Modeling for gas dissolution and diffusion in water-intrusion coal seam and its potential applications

In order to determine the gas pressure for water-intrusion borehole, a new method of gas pressure measurement in water-intrusion borehole based on gas solubility was proposed. A mathematical model of gas migration in water-intrusion borehole considering the effective diffusion coefficient was established. The influencing factors, such as water-intrusion radius, diffusion coefficient and solution convection, on the dissolution equilibrium of gas in borehole water were investigated. Finally, the feasibility of the new gas pressure measurement method was discussed. Results showed that the gas diffusion coefficient and water-intrusion radius of coal seam are the key factors influencing the equilibrium duration of gas dissolution. During the accumulation stage of formation water in borehole, the gas is able to quickly dissolve and diffuse in borehole water. The amount of dissolved gas can reach more than 90% of solubility in three days. After the formation water enters the coal seam, the equilibrium time grows sharply because the effective diffusion coefficient of gas in water-saturated coal is much lower than that in pure water.

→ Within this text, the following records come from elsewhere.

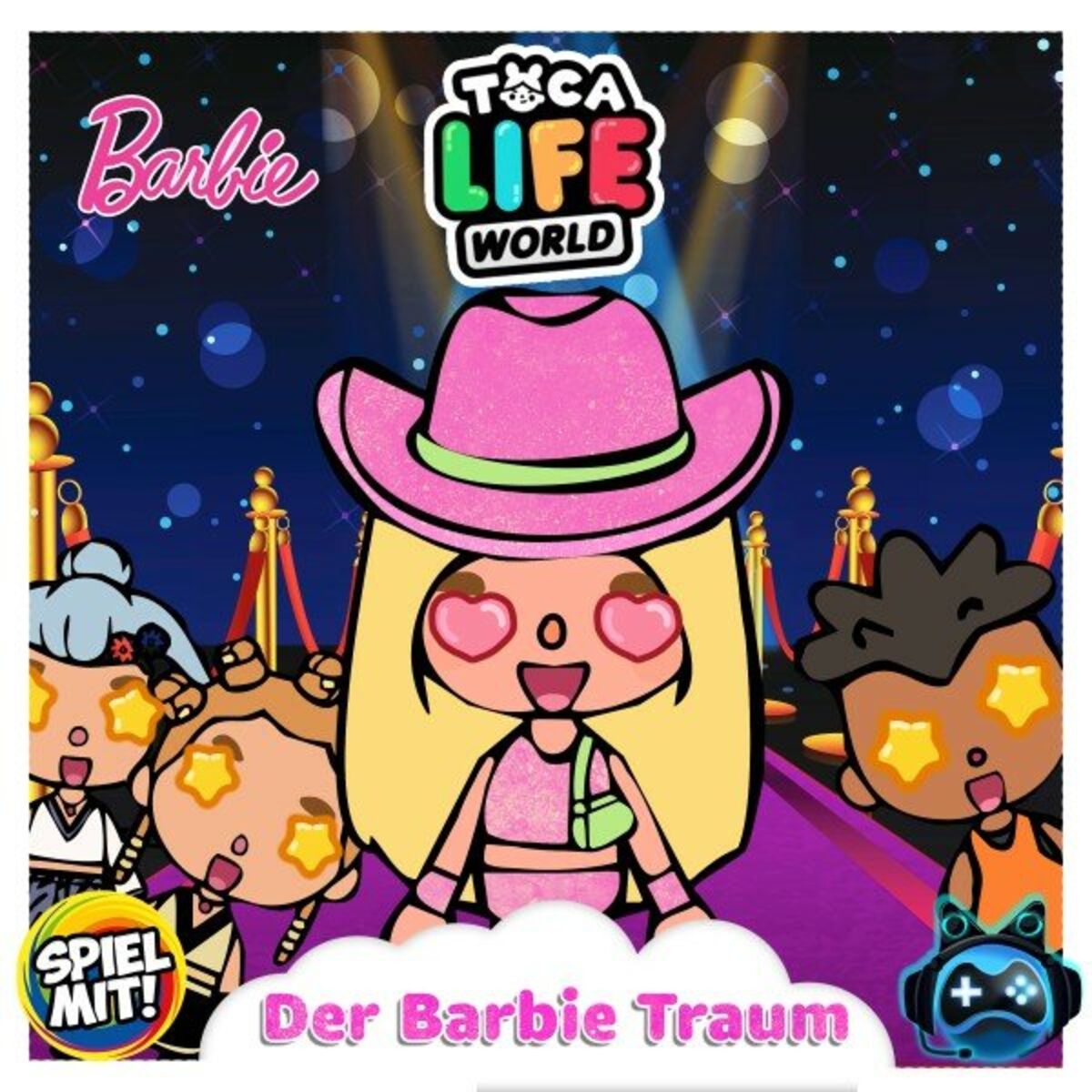 Album cover of Der Barbie Traum (Toca Life World)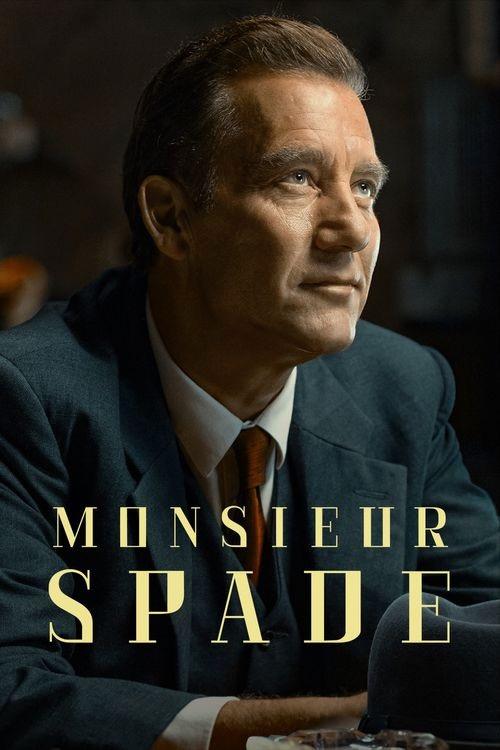 سریال  Monsieur Spade | مستر اسپید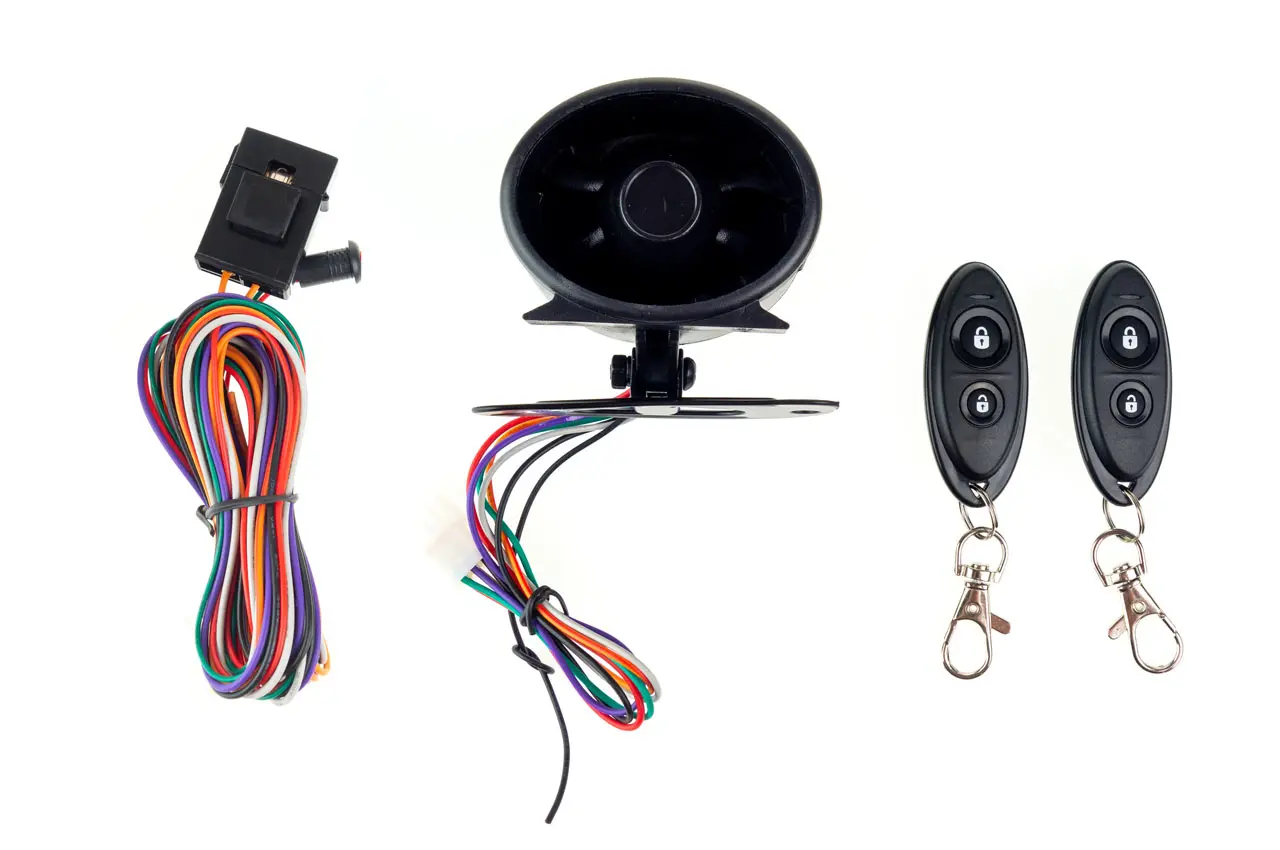Autoalarm s dálkovým ovládáním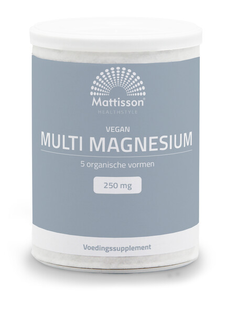 Mattisson HealthStyle Magnesium Multi Poeder 200GR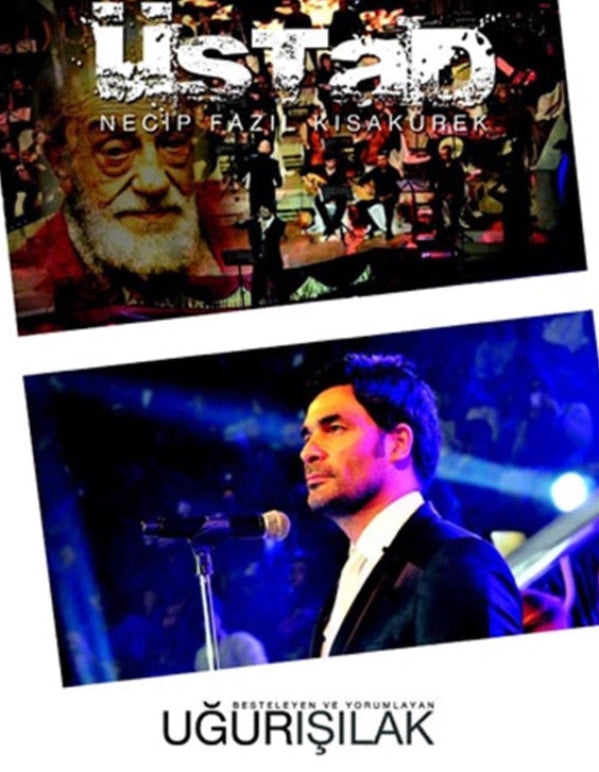 Uğur Işılak - Üstad(CD) Kitap+CD|Türk Halk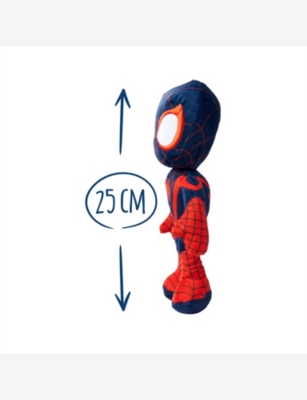 SPIDERMAN: Miles Morales Glow Soft Toy 25cm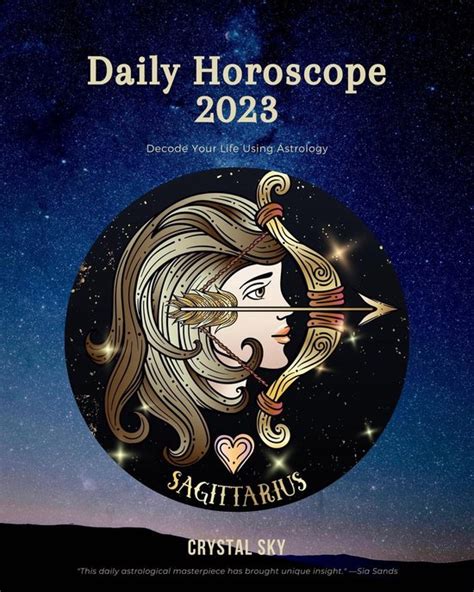 Daily Sagittarius Daily Horoscope Ebook Crystal Sky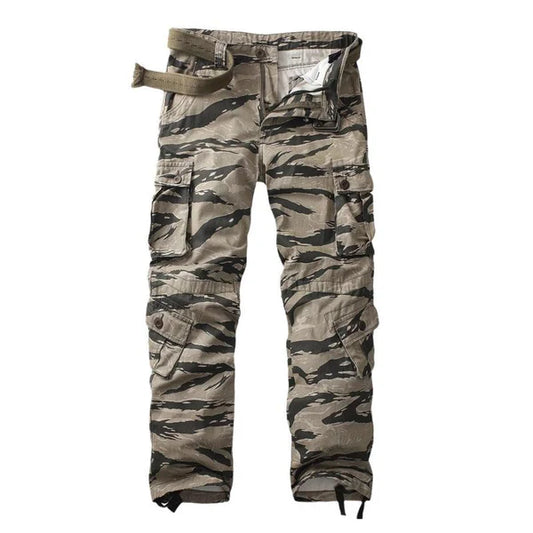 Camouflage Multi-Pocket Outdoor Cargo Pants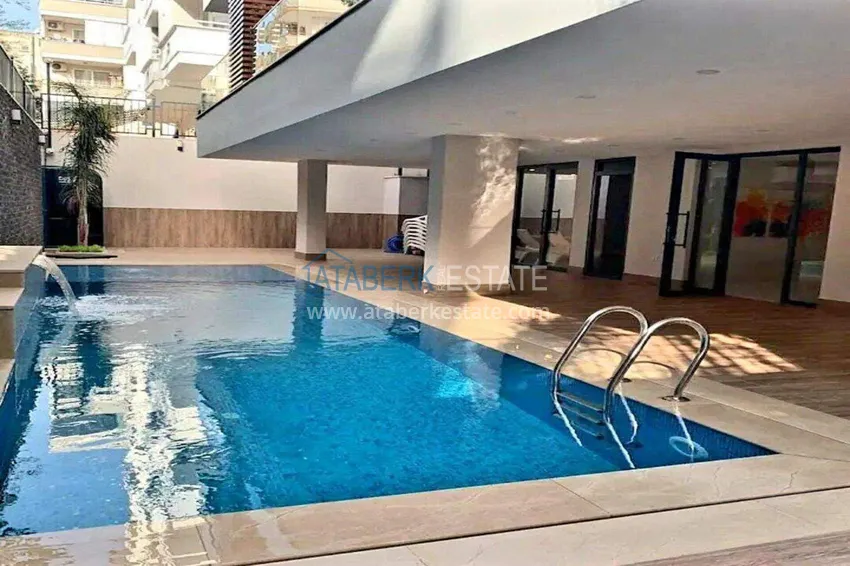 1+1 apartment in the center of Alanya, Keykubat beach area - furnished, suitable for a residence permit 3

In addition, the water convection causes a higher amount of gas dissolved at the borehole bottom. Finally, the field applicability for the new method of pressure measurement were analyzed by combining the data from previous works. This work provided a new idea for the gas pressure measurement of waterintrusion borehole.

Automated summary

The gas diffusion coefficient and water intrusion radius of coal seam are key factors affecting the equilibrium duration of gas dissolution, with gas diffusion in water-saturated coal being slower. Water convection causes a higher amount of gas to dissolve at the borehole bottom.